On Background Bias of Post-Hoc Concept Embeddings in Computer Vision DNNs
Gesina Schwalbe, Georgii Mikriukov, Edgar Heinert, Stavros Gerolymatos, Mert Keser, Alois Knoll, Matthias Rottmann, Annika Mütze
TL;DR
This work interrogates whether post-hoc concept embeddings used in concept-based XAI for computer vision are biased by image backgrounds. It introduces three low-cost background-randomization techniques—image pasting with Places205 backgrounds, Voronoi-patched backgrounds, and diffusion-generated backgrounds—to test robustness and to train CE representations. Across >50 concepts, two data sets, and seven architectures, the study finds notable background biases (e.g., road scenes degrade animal concept segmentation) and shows that background-randomized training improves background robustness, with LoCE and its globalized variant (GloCE) often outperform baseline Net2Vec. The results demonstrate a practical workflow for bias discovery and mitigation in post-hoc C-XAI, suggesting that even cheap interventions can significantly enhance the reliability of explanations in safety-critical CV tasks.
Abstract
The thriving research field of concept-based explainable artificial intelligence (C-XAI) investigates how human-interpretable semantic concepts embed in the latent spaces of deep neural networks (DNNs).
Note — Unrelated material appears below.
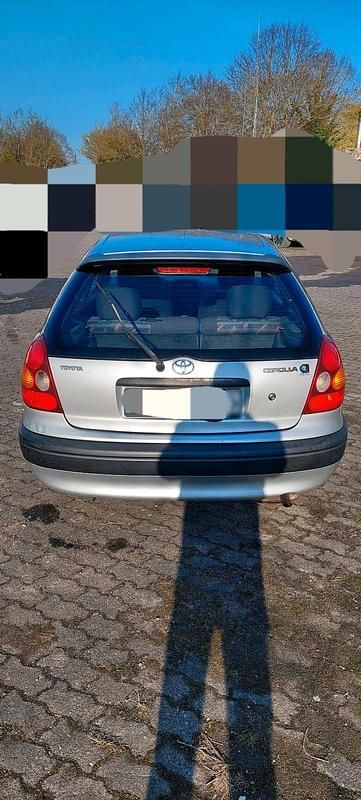 Second-hand Toyota Corolla 1998 Argintiu Coupe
Post-hoc approaches therein use a set of examples to specify a concept, and determine its embeddings in DNN latent space using data driven techniques. This proved useful to uncover biases between different target (foreground or concept) classes. However, given that the background is mostly uncontrolled during training, an important question has been left unattended so far: Are/to what extent are state-of-the-art, data-driven post-hoc C-XAI approaches themselves prone to biases with respect to their backgrounds? E.g., wild animals mostly occur against vegetation backgrounds, and they seldom appear on roads. Even simple and robust C-XAI methods might abuse this shortcut for enhanced performance. A dangerous performance degradation of the concept-corner cases of animals on the road could thus remain undiscovered. This work validates and thoroughly confirms that established Net2Vec-based concept segmentation techniques frequently capture background biases, including alarming ones, such as underperformance on road scenes. For the analysis, we compare 3 established techniques from the domain of background randomization on >50 concepts from 2 datasets, and 7 diverse DNN architectures. Our results indicate that even low-cost setups can provide both valuable insight and improved background robustness.